ALICE’S RESTAURANT 

If you have been keeping up to date with the weekly editions of the Fledge Fractals, you might have noticed a name change in this section. And if you’re of a certain age you might be familiar with Arlo Guthrie’s song Alice’s Restaurant. Whether or not you’re familiar with the song doesn’t change the fact that we all know ALICE. That’s because these are the everyday people living in our urban, rural, and suburban communities who are employed that are earning more than the Federal Poverty Level, but not enough to afford the basics where they live. During the COVID-19 pandemic ALICE was our hero yet they still struggle to pay for housing, food, childcare, healthcare, transportation, and technology.

In 2021, Michigan had 1,570,724 people living in the ALICE threshold. The Fledge and The Fledge Foundation work to help people get above this threshold for basic needs, increasing the prosperity of our community, while decreasing the burden of basic needs.
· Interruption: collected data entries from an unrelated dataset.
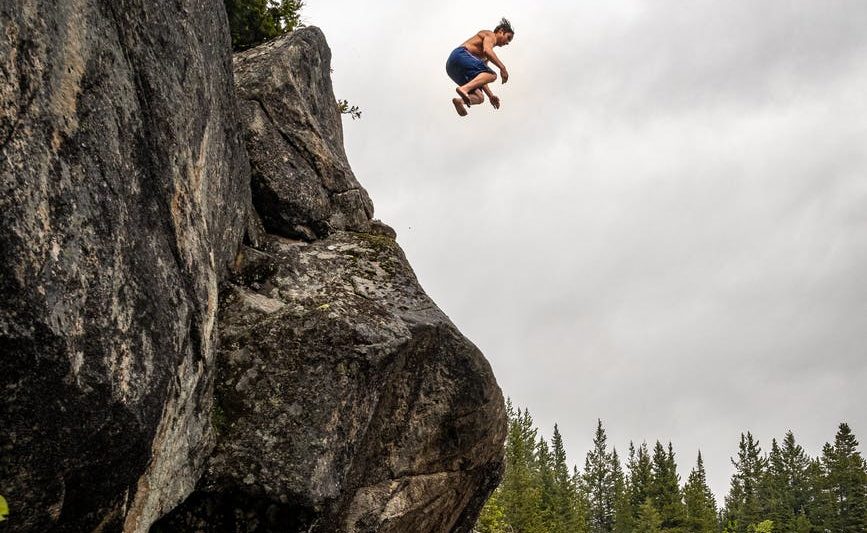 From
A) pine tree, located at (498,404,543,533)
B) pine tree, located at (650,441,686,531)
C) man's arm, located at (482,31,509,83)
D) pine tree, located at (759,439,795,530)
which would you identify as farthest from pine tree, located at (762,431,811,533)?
man's arm, located at (482,31,509,83)

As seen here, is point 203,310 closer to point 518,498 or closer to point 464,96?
point 464,96

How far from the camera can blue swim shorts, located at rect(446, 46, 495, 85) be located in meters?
14.7

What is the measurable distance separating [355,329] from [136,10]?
4.68 meters

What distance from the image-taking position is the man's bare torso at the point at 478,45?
14953 mm

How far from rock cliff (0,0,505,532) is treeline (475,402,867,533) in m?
20.9

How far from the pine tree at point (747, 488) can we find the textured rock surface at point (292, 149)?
216 feet

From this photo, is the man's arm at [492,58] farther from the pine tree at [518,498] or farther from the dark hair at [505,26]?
the pine tree at [518,498]

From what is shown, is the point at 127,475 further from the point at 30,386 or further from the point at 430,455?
the point at 430,455

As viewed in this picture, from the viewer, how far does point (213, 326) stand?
29.5 feet

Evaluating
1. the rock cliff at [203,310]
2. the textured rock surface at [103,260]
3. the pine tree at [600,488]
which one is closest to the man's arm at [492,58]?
the rock cliff at [203,310]

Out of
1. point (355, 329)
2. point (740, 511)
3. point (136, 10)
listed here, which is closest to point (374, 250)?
point (355, 329)

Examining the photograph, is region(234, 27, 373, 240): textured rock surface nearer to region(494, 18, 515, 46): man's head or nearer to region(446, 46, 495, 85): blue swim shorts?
region(446, 46, 495, 85): blue swim shorts

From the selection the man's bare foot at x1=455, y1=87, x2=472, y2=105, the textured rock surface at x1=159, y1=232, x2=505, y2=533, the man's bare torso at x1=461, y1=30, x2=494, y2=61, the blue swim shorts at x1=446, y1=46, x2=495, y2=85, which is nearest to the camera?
the textured rock surface at x1=159, y1=232, x2=505, y2=533

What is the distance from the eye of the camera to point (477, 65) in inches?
580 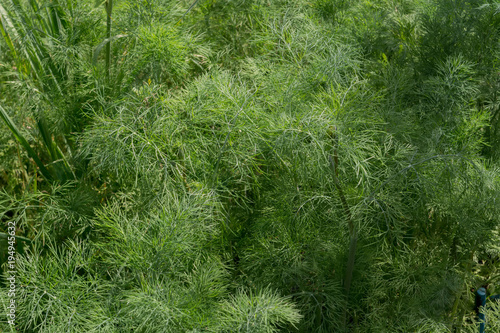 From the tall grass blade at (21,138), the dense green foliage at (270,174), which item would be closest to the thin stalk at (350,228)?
the dense green foliage at (270,174)

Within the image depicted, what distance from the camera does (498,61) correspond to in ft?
5.74

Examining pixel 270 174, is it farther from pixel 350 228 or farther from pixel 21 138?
pixel 21 138

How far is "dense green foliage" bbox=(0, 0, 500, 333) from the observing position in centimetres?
152

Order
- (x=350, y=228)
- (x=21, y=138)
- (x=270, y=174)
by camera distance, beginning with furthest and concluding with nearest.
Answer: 1. (x=21, y=138)
2. (x=270, y=174)
3. (x=350, y=228)

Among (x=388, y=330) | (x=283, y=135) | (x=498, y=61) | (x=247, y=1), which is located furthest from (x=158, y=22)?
(x=388, y=330)

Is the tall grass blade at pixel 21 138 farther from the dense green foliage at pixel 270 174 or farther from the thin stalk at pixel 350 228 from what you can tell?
the thin stalk at pixel 350 228

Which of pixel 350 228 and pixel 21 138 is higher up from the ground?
pixel 21 138

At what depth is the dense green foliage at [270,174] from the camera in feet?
4.99

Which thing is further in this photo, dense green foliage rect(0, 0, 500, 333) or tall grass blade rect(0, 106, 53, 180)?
tall grass blade rect(0, 106, 53, 180)

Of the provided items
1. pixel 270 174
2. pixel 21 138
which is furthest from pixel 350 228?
pixel 21 138

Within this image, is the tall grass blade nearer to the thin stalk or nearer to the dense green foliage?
the dense green foliage

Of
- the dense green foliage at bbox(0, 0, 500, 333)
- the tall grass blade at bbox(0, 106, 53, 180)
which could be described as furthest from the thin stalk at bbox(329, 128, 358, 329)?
the tall grass blade at bbox(0, 106, 53, 180)

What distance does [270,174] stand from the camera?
1782 millimetres

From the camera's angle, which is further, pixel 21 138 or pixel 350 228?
pixel 21 138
On the surface “Alice’s Restaurant” represents the absurdity of government bureaucracy, something that The Fledge has dealt with on a regular basis as we try to serve our community. With major gaps in generation, money, age, status, gender, etc. getting along is hard, but that doesn’t mean we should abandon what we stand for in fact according to Guthrie, it’s quite the opposite. One of the main themes that runs through Arlo’s music and our work here at The Fledge is the importance of resolving conflicts. Trying to calm down another party to the point of being quiet gets us nowhere. But he says that “over the long haul you make the most change by working together. When you learn to respect opinions of others that are different from yours, you learn to advance the sort of world you want in the first place–one in which people are free to disagree, without fighting or killing over it.”